For university employees, graduation season can be one of the most meaningful times of the year. Many of us have worked closely with these students, sometimes for years, and so we often share directly in their relief, joy, and pride as they prepare to claim their degrees. But commencement day itself is also part of the big business of higher education, with meticulously choreographed and precisely scripted ceremonies aimed at portraying the institution in the best possible light. Commencement is not just a celebration; it is also meant to attract new students and to provide public reassurance that, in an increasingly cutthroat enrollment environment, Western Michigan University is well-led and well run, that it can be counted upon to fulfill the promises its administrators make to students and their families.

When pressure is put on faculty and staff to directly participate in the pomp and circumstances of commencement, it’s usually implied that this is a responsibility we owe to our students and institution. The suggestion is that, regardless of the problems we may be dealing with as employees, on this special day, we should enthusiastically line up behind the president, vice presidents, provost, vice provosts and other dignitaries. A failure to join in the pageantry may even be criticized by administrators as an act of disloyalty to Western. This is not surprising, as university administrations depend upon an enthusiastic show of campus support on commencement day to lend credibility to their own leadership. Regardless of how chronically overworked, disrespected, ignored or trivialized they may feel, then, the assumption often is that it is employees’ duty to shine their shoes and help fill out the performative tableau of the university as one big happy family.

It surely makes sense that for some employees and students, feelings about commencement may be especially complicated, especially when serious campus problems have gone unaddressed by the Administration for years, problems that ultimately impact our students and their families most of all. It can feel false and hypocritical to repeatedly participate in the ceremonial performance of responsive and effective leadership when the day-to-day reality often tells a different story. Certainly, some employees may feel as if their role in students’ academic success is recognized by the administration only from the commencement stage. When the president asks the faculty to stand to be acknowledged by the audience, for instance, it can feel genuinely moving. But as soon as the lights go down, it’s back to business as usual, a sobering reality in which some of the most frequent faculty inquiries to the WMU-AAUP these days are from faculty who want to resign their positions.

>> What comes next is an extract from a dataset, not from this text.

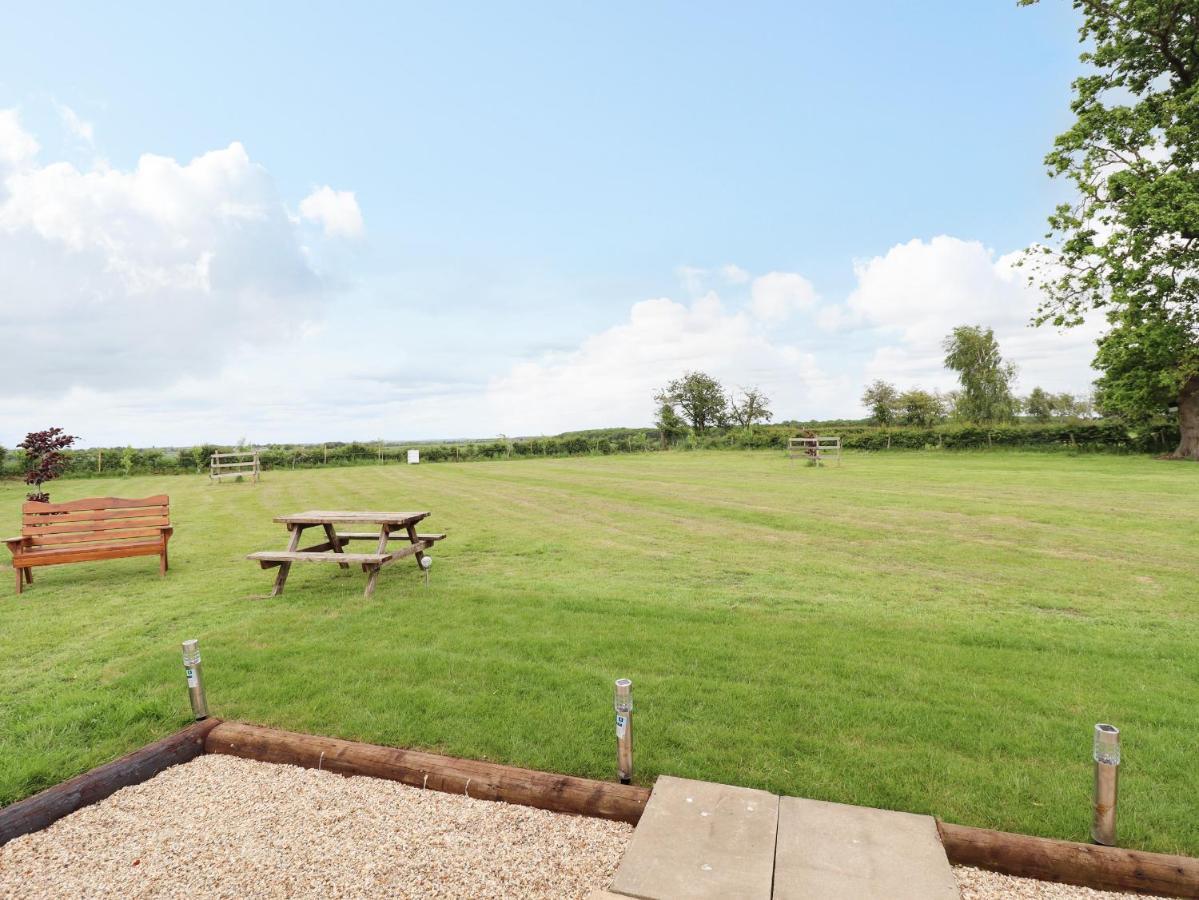 Honeybee Lodge Woodhall Spa Esterno foto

As someone who’s been attending commencement ceremonies off and on now for about 35 years, I can personally attest to my increasingly mixed feelings when I am invited to share the stage with university administrators, ostensibly to show support for our students and our university, but, evidently, also to serve as a tacit endorsement of their leadership. And, frankly, for the past several years in particular, my joy for successful students and colleagues has become increasingly tinged with sorrow for those who, due to chronic, preventable and predictable leadership failures, are not here.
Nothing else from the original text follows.